- [EXERCISE GOAL]
Search the data for the string "chatting" and extract every line where it appears.

Source records
#####

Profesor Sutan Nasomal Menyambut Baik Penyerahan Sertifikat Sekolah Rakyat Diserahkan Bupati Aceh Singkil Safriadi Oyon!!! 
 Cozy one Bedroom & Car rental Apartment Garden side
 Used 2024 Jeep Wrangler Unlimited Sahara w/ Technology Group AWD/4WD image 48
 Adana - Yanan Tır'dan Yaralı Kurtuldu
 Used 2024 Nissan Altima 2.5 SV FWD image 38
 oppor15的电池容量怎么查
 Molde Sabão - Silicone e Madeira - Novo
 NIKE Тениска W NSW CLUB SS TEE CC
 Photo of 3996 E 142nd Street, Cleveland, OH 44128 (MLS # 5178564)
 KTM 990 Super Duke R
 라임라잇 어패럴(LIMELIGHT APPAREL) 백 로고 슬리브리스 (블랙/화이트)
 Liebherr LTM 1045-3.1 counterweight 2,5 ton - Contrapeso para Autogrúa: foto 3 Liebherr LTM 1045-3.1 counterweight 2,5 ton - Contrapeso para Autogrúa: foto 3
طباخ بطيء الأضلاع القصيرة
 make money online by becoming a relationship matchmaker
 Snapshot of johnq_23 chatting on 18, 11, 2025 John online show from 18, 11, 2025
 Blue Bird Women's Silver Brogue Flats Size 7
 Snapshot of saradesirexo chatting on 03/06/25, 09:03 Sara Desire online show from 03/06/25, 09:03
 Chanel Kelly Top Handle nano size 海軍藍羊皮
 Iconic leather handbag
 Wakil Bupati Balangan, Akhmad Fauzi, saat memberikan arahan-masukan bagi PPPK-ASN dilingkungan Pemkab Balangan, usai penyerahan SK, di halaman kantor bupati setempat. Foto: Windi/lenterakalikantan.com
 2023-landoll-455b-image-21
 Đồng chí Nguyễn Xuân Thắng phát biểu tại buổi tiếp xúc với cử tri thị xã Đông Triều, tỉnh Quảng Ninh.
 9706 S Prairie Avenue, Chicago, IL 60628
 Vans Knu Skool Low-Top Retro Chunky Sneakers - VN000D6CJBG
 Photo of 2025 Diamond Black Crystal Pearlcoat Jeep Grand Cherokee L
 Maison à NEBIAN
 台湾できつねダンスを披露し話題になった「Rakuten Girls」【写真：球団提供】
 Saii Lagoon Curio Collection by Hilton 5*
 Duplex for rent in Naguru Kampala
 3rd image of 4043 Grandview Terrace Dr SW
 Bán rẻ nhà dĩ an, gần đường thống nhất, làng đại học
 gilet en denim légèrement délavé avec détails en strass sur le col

#####

- [EXERCISE SOLUTION]
 Snapshot of johnq_23 chatting on 18, 11, 2025 John online show from 18, 11, 2025
 Snapshot of saradesirexo chatting on 03/06/25, 09:03 Sara Desire online show from 03/06/25, 09:03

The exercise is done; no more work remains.